Just FYI: we have been using this workaround since my last message and I'm not aware of any issues related to it in those 4 months.
What is the issue?
When using Linkerd in CNI mode with Calico, there are still race conditions. I see there are several related issues like #4789 and #4049 that address the issue, and some of the problems are solved.

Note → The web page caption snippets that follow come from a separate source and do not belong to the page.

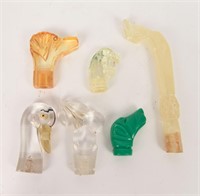 GROUPING OF CARVED LUCITE CANE HEADS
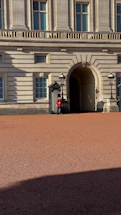 A professional security officer standing alert outside a modern office building in the UK.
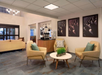 Modern waiting area with two beige chairs, a round white table, and wall art. Coffee station visible in the background. Neutral tones and minimalist decor.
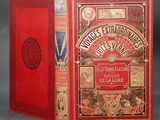 la couverture et le dos d'un livre rouge aux bords dorés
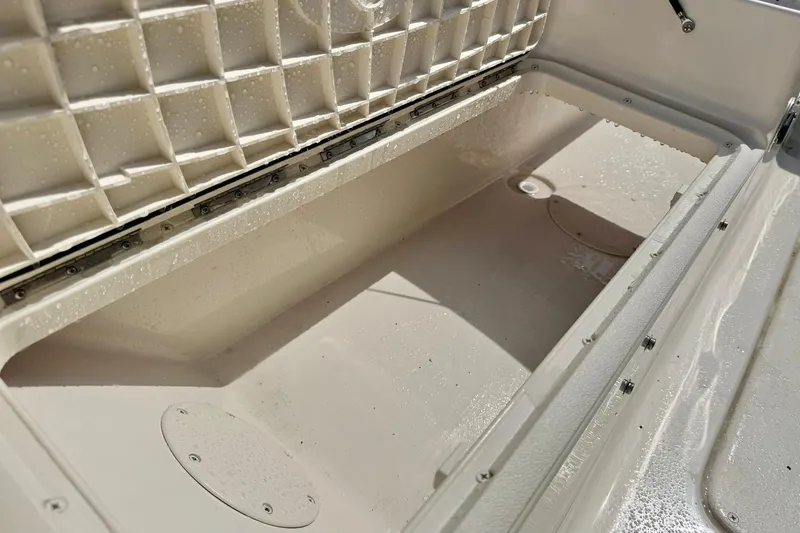 Slide: The Image of Storage compartment of 2026 Carolina Skiff 21 Ultra Elite boat, open and empty. - 34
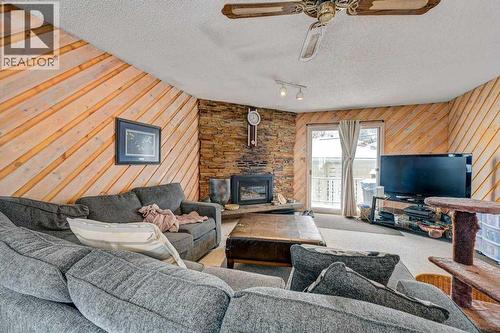 1455 Russell Road Ne, Calgary, AB - Indoor Photo Showing Living Room With Fireplace
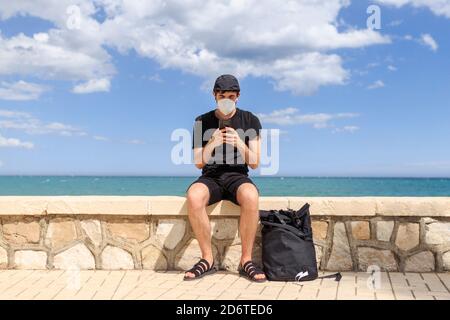 Männchen in schwarz tragen sitzen auf Zaun der Böschung in der Nähe Meer während SMS auf Handy unter blau bewölktem Himmel Stockfoto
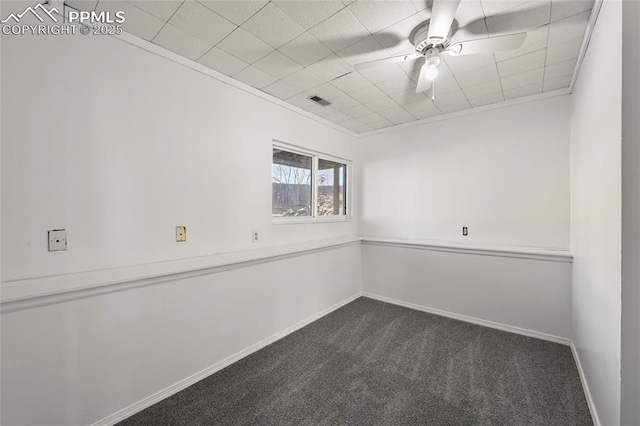 spare room with ceiling fan, dark carpet, and baseboards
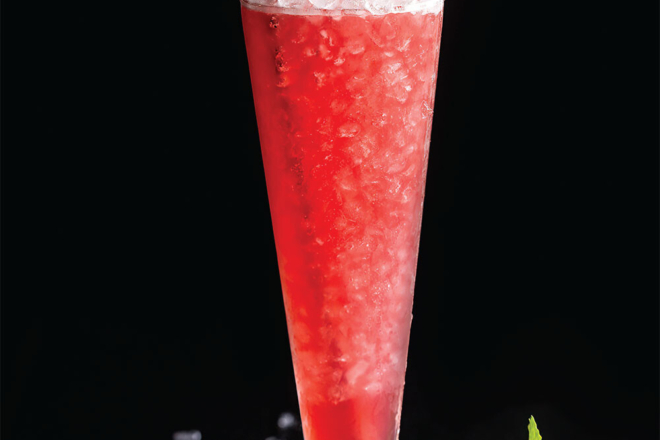 A red cocktail fills a trumpet glass with nugget ice accented by mint leaves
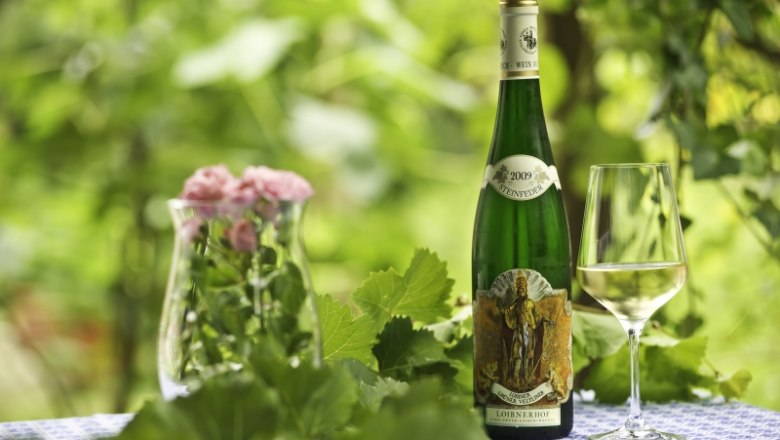 Wein vom Loibnerhof, © Rita Newman Weinflasche und Glas auf Tisch mit Blumen und Blättern im Hintergrund.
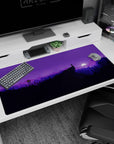 Serene 40x20 anime desk mat showcasing a moonlit wilderness with purple-hued mountains, trees, and a starry night sky for a calming atmosphere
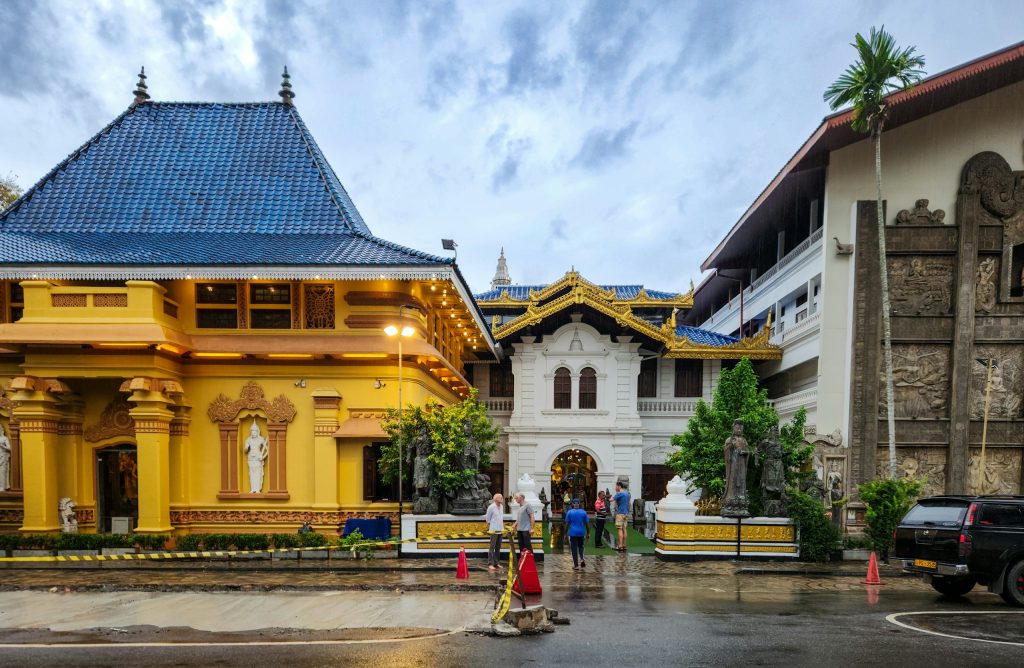 Yellow shrine with a blue tiled roof beside a white arched gateway at Gangaramaya Temple, Colombo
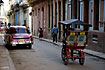 Rickshaw and old american car in Havana vieja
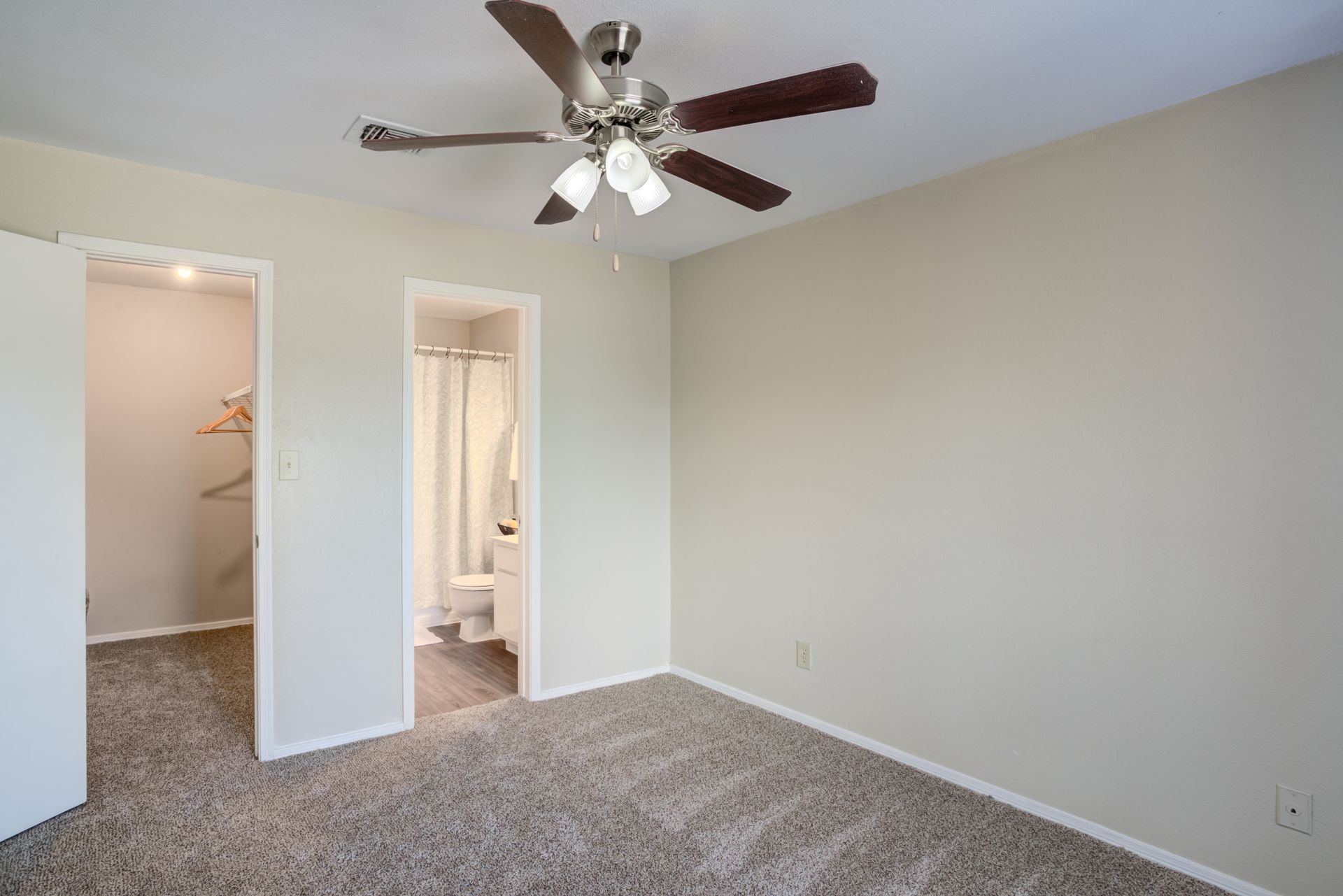 Bedroom with beige walls, carpet, ceiling fan, open closet, and bathroom doorway.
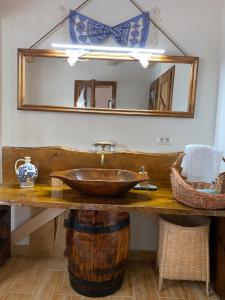 a bathroom with a wooden sink and a mirror at Pensiunea Casa Țărănească in Satu Bătrîn +43 photos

But there still is race conditions when linkerd-cni starts before calico-node. In my case it happens while installing Calico and Linkerd together with Helmfile (helm). That causes all linkerd-control-operator pods to get stuck in
Init:CrashLoopBackOff
Other cases that I have found more details are when calico-node restarts while linkerd-cni pod are still running. calico will override 10-calico.conflist, but watches in install-cni.sh does not work, because file is only modified. Then linkerd-control-operator pods will get stuck if restarted/redeployed
How can it be reproduced?
Tested with Kind and Kubernetes 1.26.6 Install calico, linkerd-cni and linkerd-control-operator Helm charts installed
linkerd-control-plane values.yaml
Linkerd is not able to recover, unless you manually restart linkerd-cni
Logs, error output, etc
No changes was detected in /host/etc/cni/net.d/10-calico.conflist because it only watches for create and delete https://github.com/linkerd/linkerd2/blob/main/cni-plugin/deployment/scripts/install-cni.sh#L308
output of
linkerd check -o short
linkerd-version
‼ cli is up-to-date is running version 2.13.5 but the latest stable version is 2.13.6 see https://linkerd.io/2.13/checks/#l5d-version-cli for hints
control-plane-version
‼ control plane and cli versions match control plane running stable-2.13.6 but cli running stable-2.13.5 see https://linkerd.io/2.13/checks/#l5d-version-control for hints
linkerd-control-plane-proxy
× control plane proxies are healthy pod "linkerd-destination-854dc5d654-zc9nc" status is Pending see https://linkerd.io/2.13/checks/#l5d-cp-proxy-healthy for hints
Status check results are ×
Environment
Possible solution
It could be solved by adding modify, but not sure what other edge cases that could cause
inotifywait -m "${HOST_CNI_NET}" -e create,delete,modify
Additional context
No response
Would you like to work on fixing this bug?
None